Governments have executed a lot people, including innocent men. Why was this different? Religious teachers have risen up all throughout history. Some of their movements endure to this day. What makes this teacher any different? If all that happened on Good Friday was a religious teacher being executed for crimes he didn’t commit, then Jesus’ crucifixion was unremarkable. Certainly not worth recording in the history books, let alone commemorating 2000 years later.
But two unbelievable and unprecedented things happened on the cross in the 3 hours of darkness before the death of Jesus: God poured out his justice on an innocent man, and the eternal Son of God was denied the loving fellowship with his Father he had enjoyed for all eternity. Jesus endured excruciating physical suffering, but his spiritual and emotional anguish is beyond compare.
His words point his hearers back to Psalm 22, where his forefather David foreshadows this very moment. David complains that God has forsaken him, that he cries out and God does not answer. What David knew in part Jesus asks in full.
This question comes not out of confusion. He knows why. He asked His Father to take this cup from him the night before, but also insisted that His will be done. He does not seek clarity from his Father, but gives an expression of unparalleled suffering at the withdrawal of his loving embrace.
He feels the distance. For the first time in his life, he doesn’t address his Father, but only his God.
Jesus was forsaken by his Father, which means both deprivation of all God’s good gifts, and bearing the full weight of God’s just wrath and condemnation against sin. Think about that. We can’t even imagine that—except we can. We’re actually familiar with the concept, and the Bible even has a word for it. Hell.
Jesus endured the horrors of hell on the cross. This is a singular moment in history when the innocent Judge served the sentence for the rightfully condemned.
Jesus was tempted in every way that we are; there’s nothing we can experienced that he hasn’t experienced first and walks through with us, including death itself. But this cry also tells us that Jesus experienced things that we never will.

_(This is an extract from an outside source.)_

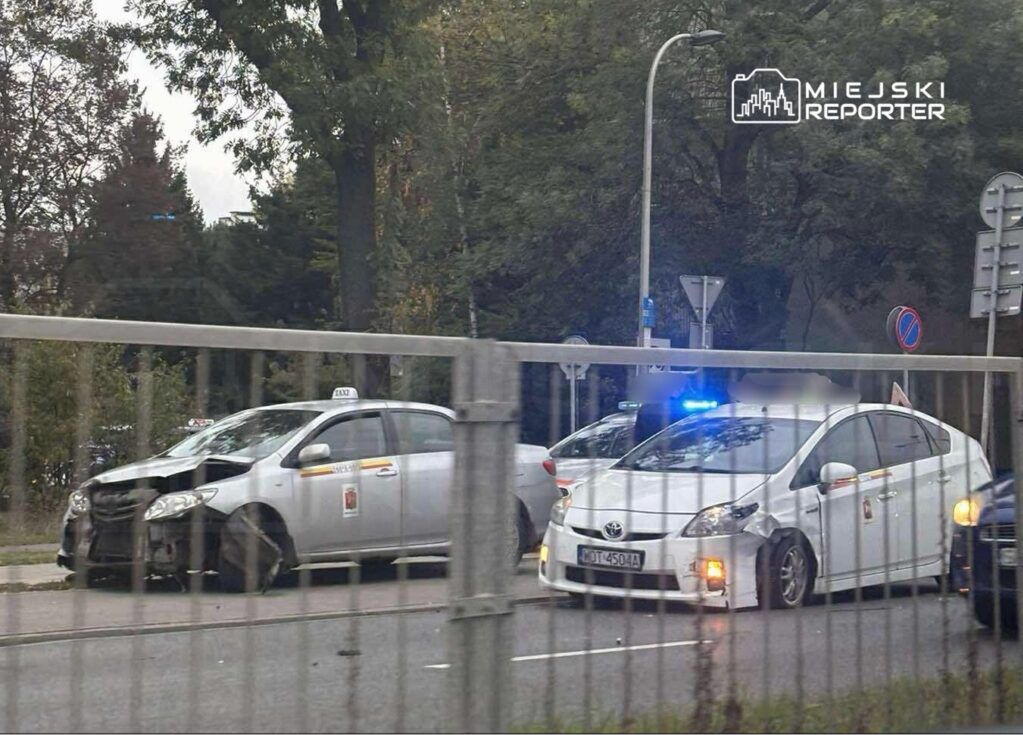 Warszawa: Zderzenie dwóch aut przewozu osób w dzielnicy Włochy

Jesus endured hell to bring us to heaven. He bore a guilty sentence so that we would be declared righteous. He entered the darkness so that we may live in the light. He cried out to God and received silence so that we never will. He experienced wrath so that all we know is grace. He became sin who knew no sin so that we might become the righteousness of God.
So what’s different about Jesus’ death compared to all the others?
Jesus was forsaken by God so that we never will be.